What is the most efficient way to filter (smooth) continuous streaming data


I am in the process of making my own system monitoring tool. I'm looking to run a filter (like a Gaussian filter or similar) on a continuous stream of raw data that i'm receiving from a device (My cpu % in this case).

The collection of data values is n elements long. Every time this piece of code runs it appends the new cpu value and removes the oldest keeping the collection at a length of n essentially a deque([float('nan')] * n, maxlen=n) where n is the length of the graph i'm plotting to.

then it filters the whole collection through a Gaussian filter creating the smoothed data points and then plots them, creating an animated graph similar to most system monitors cpu % graphs found on your computer.

This works just fine... However there has to be a more efficient way to filter the incoming data instead of running a filter on the whole data set every time a new data val is added (in my case the graph updates every .2 sec)

I can think of ways to do it without filtering the whole list but im not sure they are very efficient. Is there anything out there in the signal processing world that will work for me? Apologies if my explanation is a bit confusing, I'm very new to this.

from scipy.ndimage.filters import gaussian_filter1d

# Not my actual code but hopefully describes what im doing
def animate():  # function that is called every couple of milliseconds to animate the graph
    # ... other stuff
    values.append(get_new_val) # values = collection of data vals from cpu
    line.set_ydata(gaussian_filter1d(values, sigma=4)) # line = the line object used for graphing 
    # ... other stuff
    graph_line(line)  # function that graphs the line

tl;dr: looking for an optimized way to smooth raw streaming data instead of filtering the whole data set every pass.


Solution

  • I've never used one, but what you need like sounds what a Savitzky–Golay filter is for. It is a local smoothing filter that can be used to make data more differentiable (and to differentiate it, while we're at it).

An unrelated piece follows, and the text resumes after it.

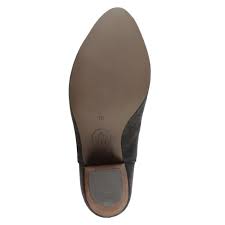Team yours with a chunky knit. Jalouse Brown Cowboy Ankle Boots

    The good news is that scipy supports this filter as of version 0.14. The relevant part of the documentation:

    scipy.signal.savgol_filter(x, window_length, polyorder, deriv=0, delta=1.0, axis=-1, mode='interp', cval=0.0)
    
      Apply a Savitzky-Golay filter to an array.
      This is a 1-d filter. If x has dimension greater than 1, axis determines the axis along which the filter is applied.
      Parameters:   
    
      x : array_like
          The data to be filtered. If x is not a single or double precision floating point array, it will be converted to type numpy.float64 before ftering.
      window_length : int
          The length of the filter window (i.e. the number of coefficients). window_length must be a positive odd integer.
      polyorder : int
          The order of the polynomial used to fit the samples. polyorder must be less than window_length.
      [...]
    

    I would first determine a small pair of polynomial order and window size. Instead of working with the full n data points, you only need to smooth a much smaller deque of a length of roughly window_length. As each new data point comes in, you have to append it to your smaller deque, apply the Savitzky–Golay filter, take the new filtered point, and append it to your graph.

    Note, however, that it seems to me that the method is mostly well-defined when not on the edge of the data set. This might mean that for precision's sake you might have to introduce a few measurements' worth of delay, so that you can always use points which are inside a given window (what I mean is that for a given time point you likely need "future" data points to get a reliable filtered value). Considering that your data is measured five times every second, this might be a reasonable compromise if necessary.